| THE TASK |
Beneath this instruction is a listing. Transcribe from it only the stretch from the line with "Used 2021 Toyota" through the line with "multi pocket messenger bag", both end lines included, exactly as written.

[[ EXERCISE INPUT, beginning ]]

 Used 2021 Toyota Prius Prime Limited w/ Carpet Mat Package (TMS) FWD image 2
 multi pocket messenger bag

[[ EXERCISE INPUT, end ]]
[[ EXERCISE INPUT, beginning ]]

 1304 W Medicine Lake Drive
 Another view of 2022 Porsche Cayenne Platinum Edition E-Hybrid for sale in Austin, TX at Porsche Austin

[[ EXERCISE INPUT, end ]]
[[ EXERCISE INPUT, beginning ]]

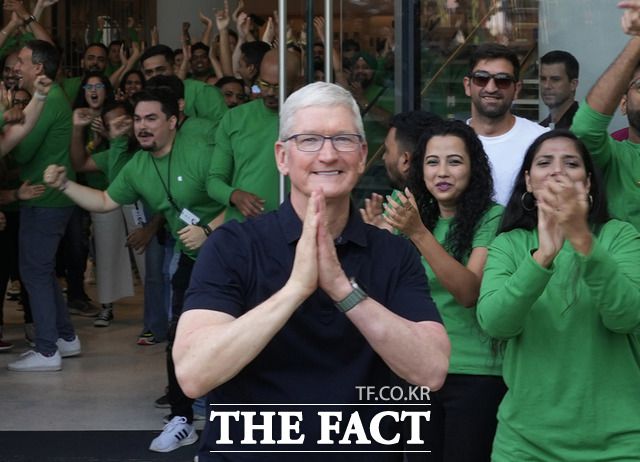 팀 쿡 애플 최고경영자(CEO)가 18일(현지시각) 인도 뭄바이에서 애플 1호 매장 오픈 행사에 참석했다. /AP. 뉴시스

[[ EXERCISE INPUT, end ]]

| WRITTEN ANSWER |
 Used 2021 Toyota Prius Prime Limited w/ Carpet Mat Package (TMS) FWD image 2
 multi pocket messenger bag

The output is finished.